The last time I wrote about Daniel Gutierrez Jr., on Dec. 3, I said he was red-eyed and exhausted from two sleepless nights.
I had spoken to him briefly after his family’s popular restaurant in the Pilsen neighborhood, Nuevo Leon, went up in flames.
This week I saw Gutierrez, 44, ready to work in his chef’s jacket at his new restaurant, Canton Regio, at 1510 W. 18th St., across the street from the still burned-out Nuevo Leon.
“This was a dream of mine,” he said of the new place.
OPINION
There was no need for another restaurant back when he, his siblings and parents bustled at Nuevo Leon, he said.

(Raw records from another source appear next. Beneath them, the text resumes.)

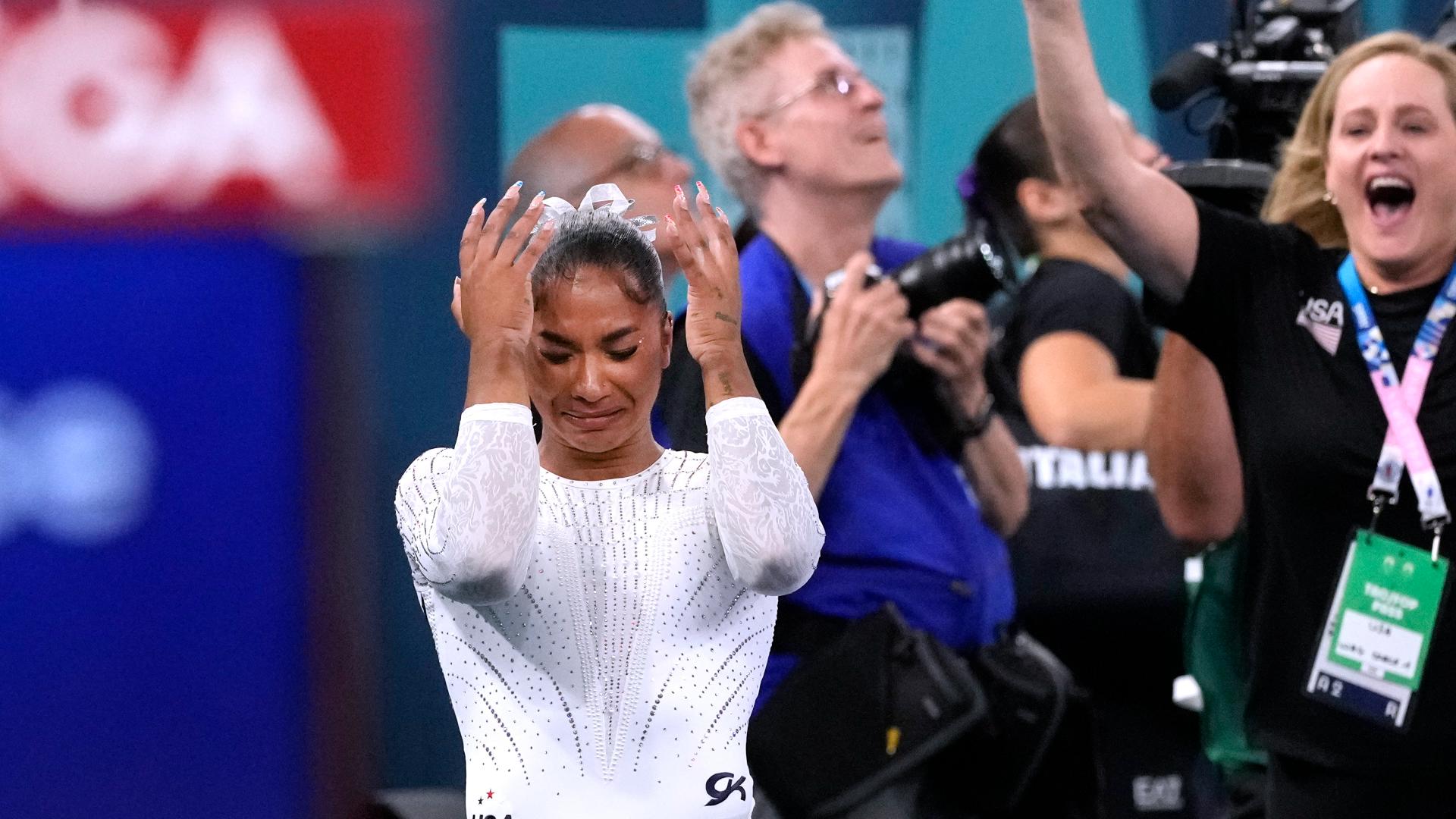 Jordan Chiles placed third in the women's gymnastics floor exercise on Monday with a score of 13.766, securing her second medal this Olympics.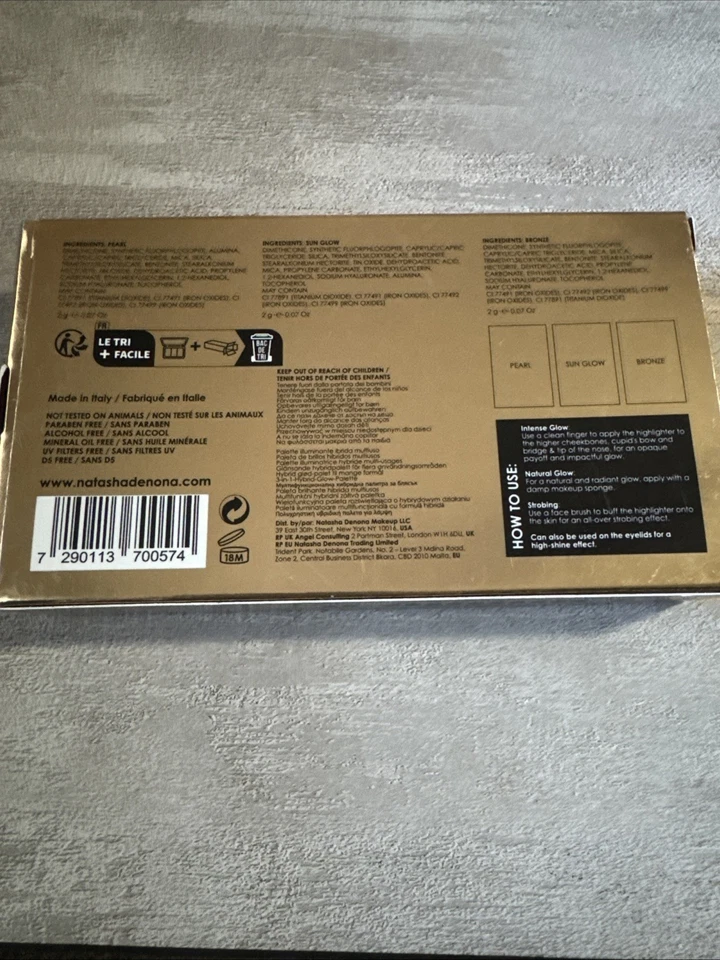 Paleta Brilladora Híbrida Multiuso Trío Iluminador Dorado Natasha Denona Nueva en Caja Foto 3 de 3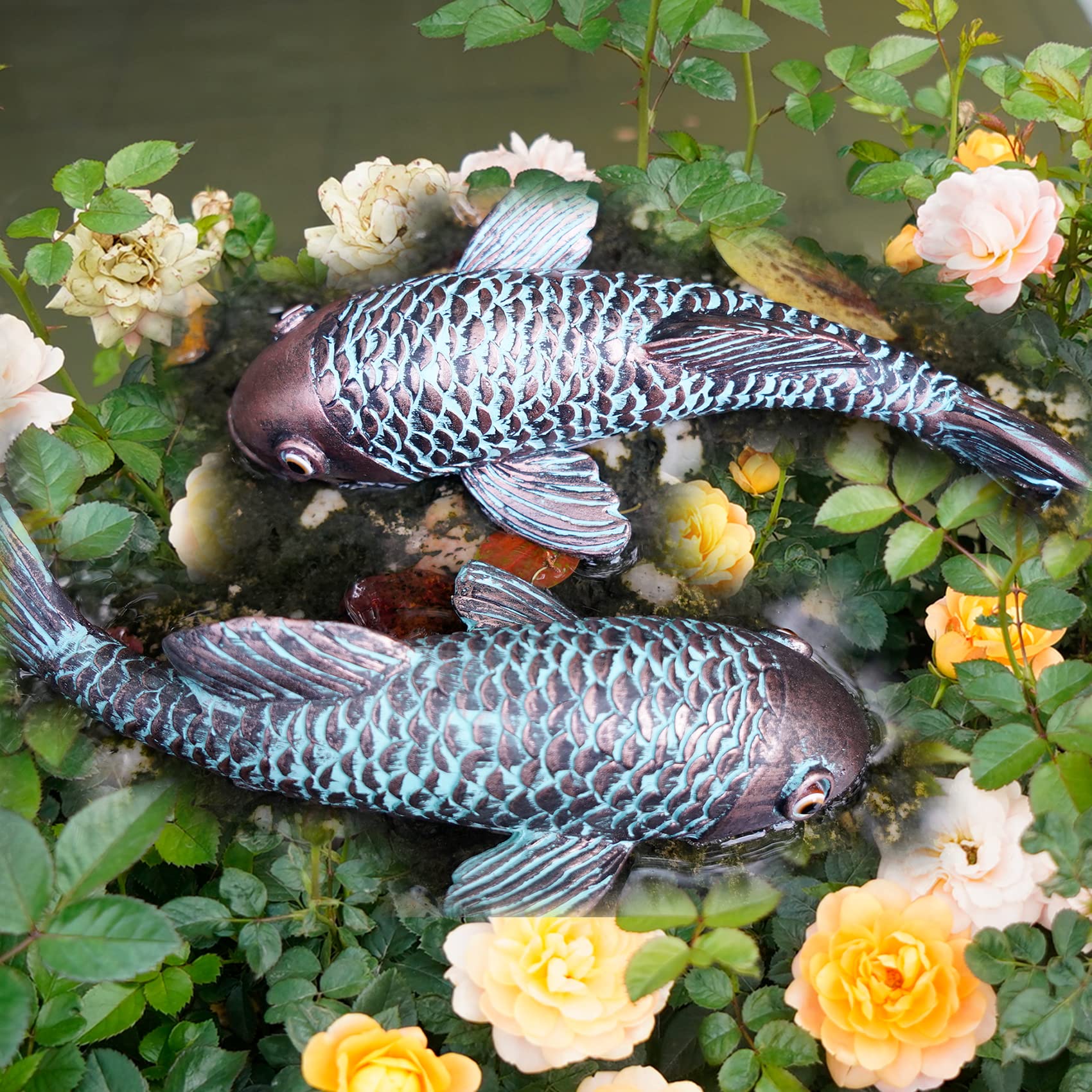Tooyuart antique bronze koi sculpture adds elegant yard art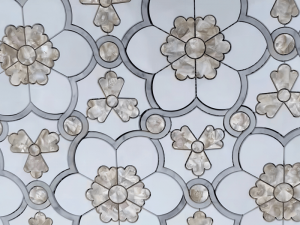 New Product Waterjet Shell And Marble Flower Mosaic Tile For Wall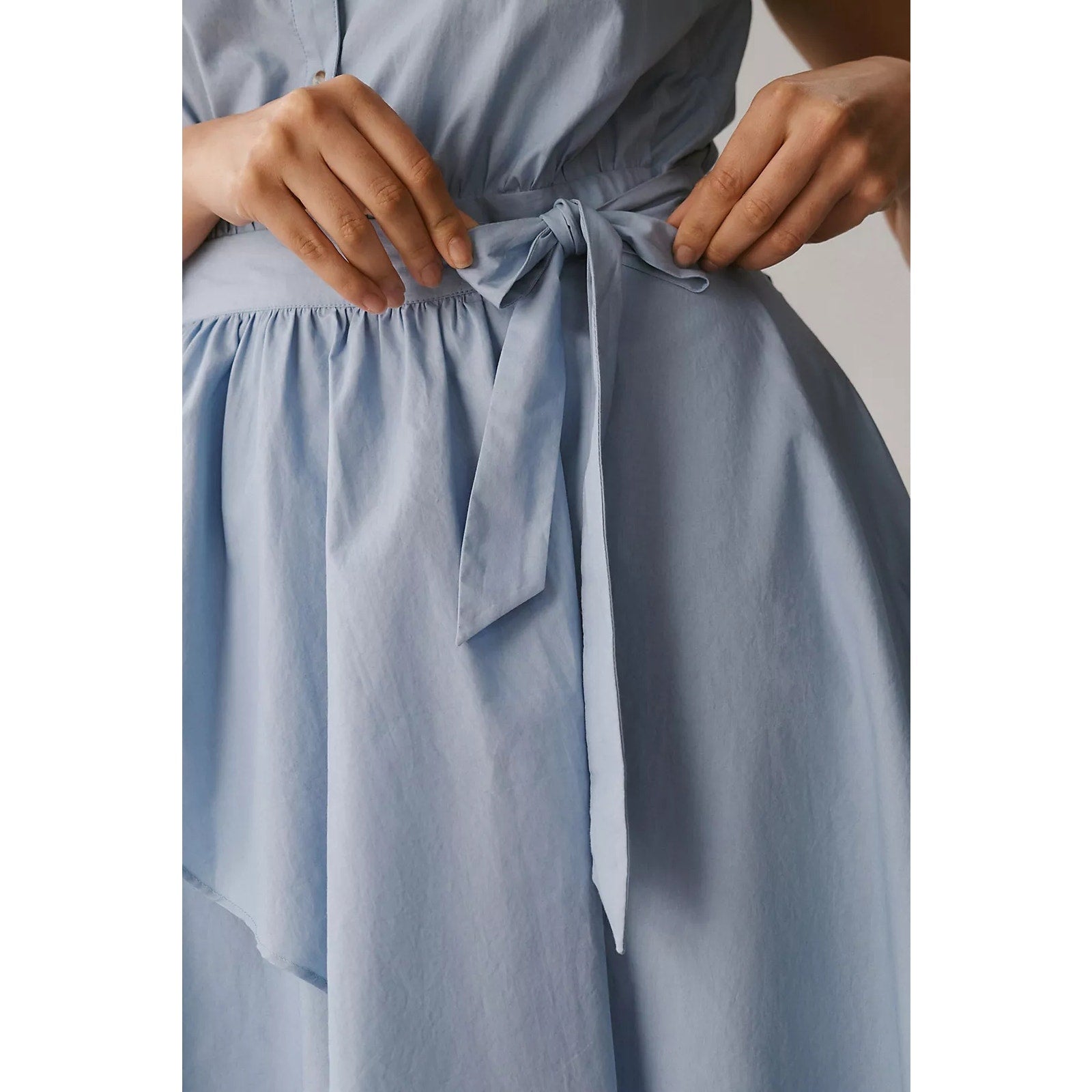 New Anthropologie Maeve Asymmetrical Sleeveless Shirt Dress $160 22W Sky - Blue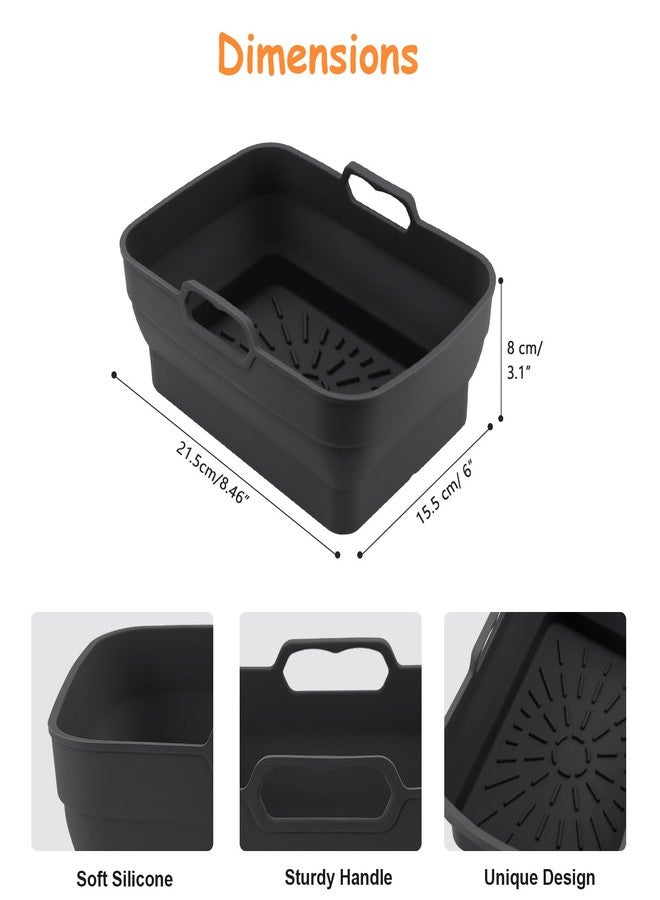 ddLUCK 2Pcs Air Fryer Silicone Liners for Ninja SL401 /DZ201/ DZ401/ DZ550 8-10 QT, Reusable Liners for COSORI, Chefman, Instant Air Fryer, Silicone Air Fryer Basket Liners with Magnetic Cheat Sheet, Black - Image 3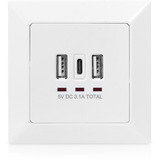 Digitus Steckdose Unterputz, mit USB A und USB-C Ports weiß, 2x USB-A, 1x USB-C, 3,1A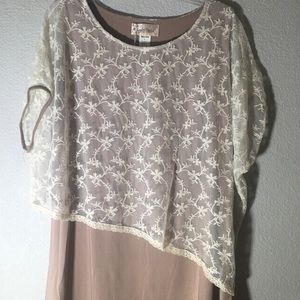 Lace attached to light weight blouse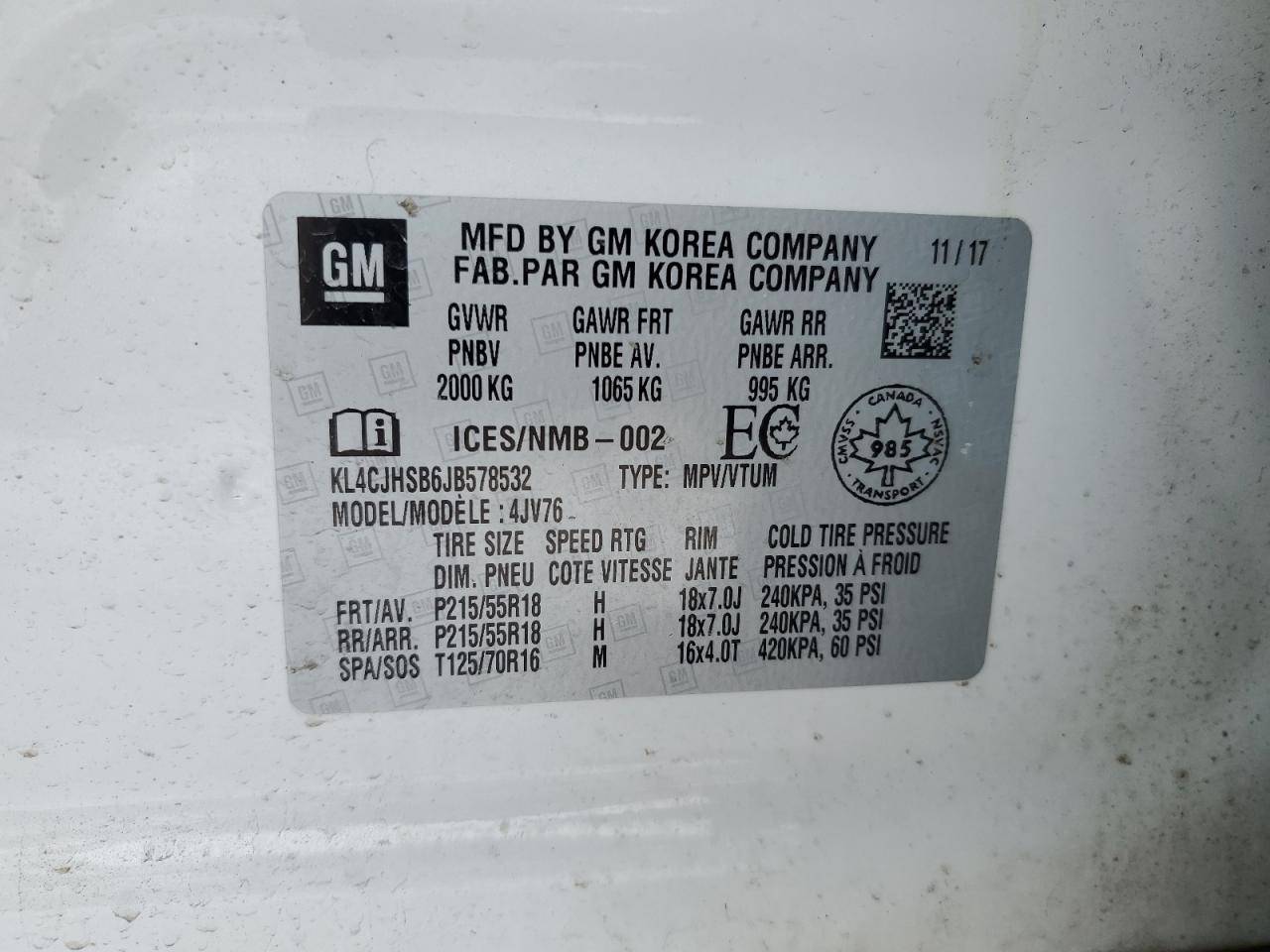 2018 Buick Encore VIN KL4CJHSB6JB578532 Copart auction photo, front end / side damage thumbnail 14
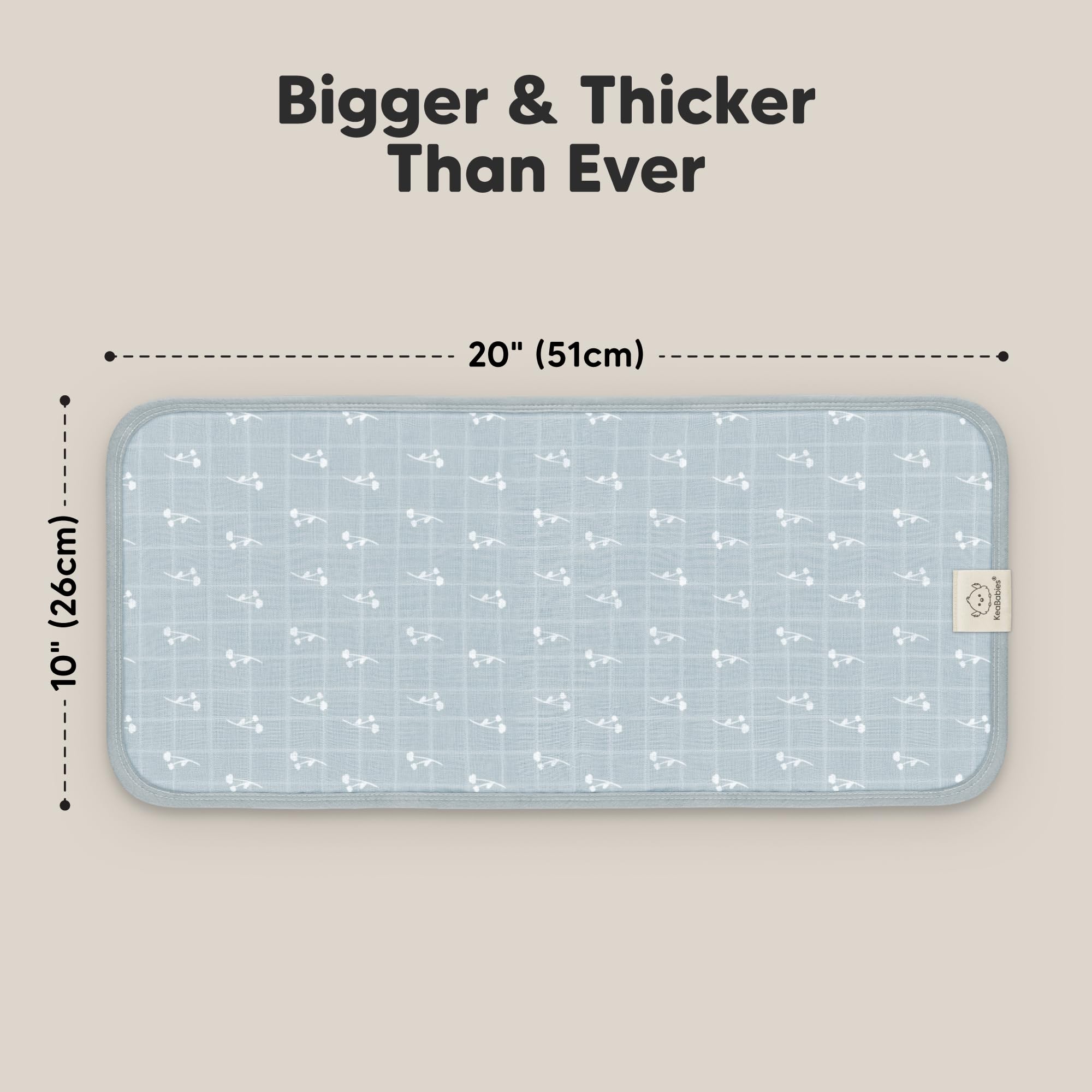 KeaBabies Lumi burp cloth spill-proof design with generous coverage for spit-ups.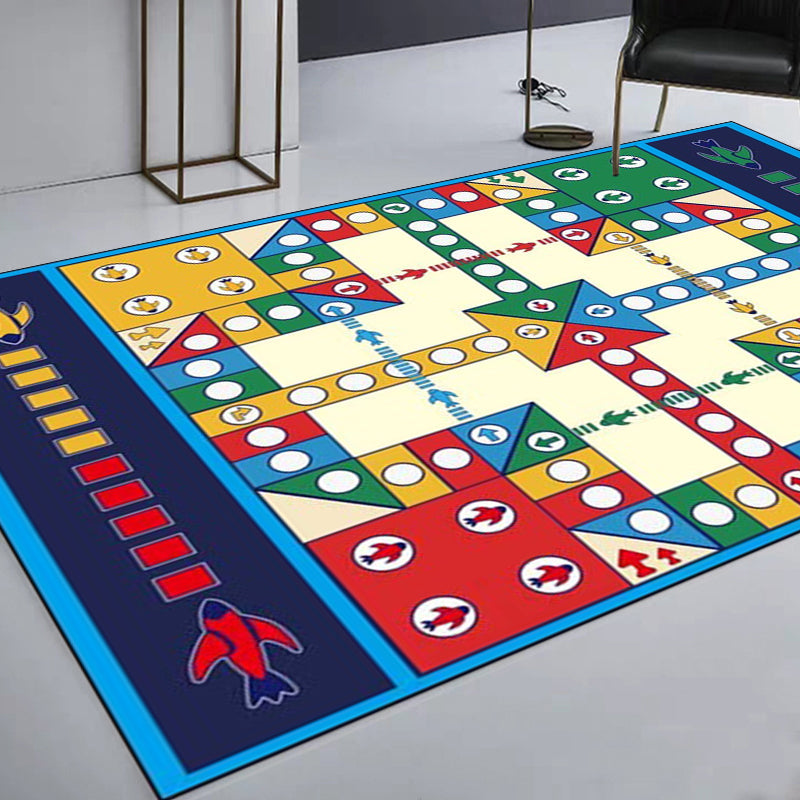 BowLift | Unique Children's Carpet in Blue Educational Ludo Pattern Carpet Polyester Stain Resistant Rug for Nursery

His grandparents opened Nuevo Leon in the early 1960s. Eventually, they passed it on to Gutierrez’s father, Daniel Sr., who ran it with Daniel Jr. up until the fire, after which came a pressing need to go back to work.
Daniel Jr. said it hurt to see his dad grieving the loss of the family business.
“I don’t want to say he was depressed, but he was lost,” Daniel Jr. said. “I felt the need to open something for both of us.”
His father says he’s still devastated, even though there are plans to rebuild Nuevo Leon. “It’s the only job I had, except for going in the service for a few years,” Daniel Sr., 69, said.
Starting over at Nuevo Leon is taking longer than the family had hoped. The restaurant is housed in two buildings; the one with the kitchen will be demolished and rebuilt. The fire was ruled accidental. Its cause is believed to have been a large buildup of grease in a spot “that was inaccessible for service,” Fire Department spokesman Larry Langford said.
At the new restaurant, Daniel Sr. oversees day shifts and the son arrives in the afternoons.
“Two chiefs can’t be in the same place at the same time,” Daniel Jr. said.
Instinctively, the father wants to tell his son what to do, and the son sometimes winces. “He says, ‘Dad, I want to be different.’”
Daniel Jr. has succeeded in putting a personal stamp on Canton Regio, a rustic steakhouse. He decorated with antiques and souvenirs he collected over the years from Nuevo Leon, Mexico, a northern state that was home to his grandparents.
His grandfather’s horse saddle hangs on a restaurant wall near old wagon wheels. Horseshoes nailed to a wall serve as coat hooks. Daniel Jr. imported heavy, solid-wood tables and chairs from Mexico.
The son says he’s hoping to bring back former residents who have left Pilsen amid gentrification. “I want to keep Mexican people in here,” he said.
The aroma of steaks and chicken grilled or roasted over imported mesquite greets customers. “It’s like you’re going back to Mexico,” Daniel Jr. said. “I’m trying to keep tradition alive.”
There is another Daniel who hangs out at the restaurant: Junior’s son, 4-year-old Daniel III. He won’t be pushed into the restaurant business, his father said, but at home Daniel III, affectionately nicknamed 3D, already likes to help his dad stir sauces.
Restaurants don’t last forever, but this family has staying power. The new restaurant “takes you to a time in Mexico where everything was cooked over wood,” Daniel Jr. said. “I feel proud to serve that to my customers.”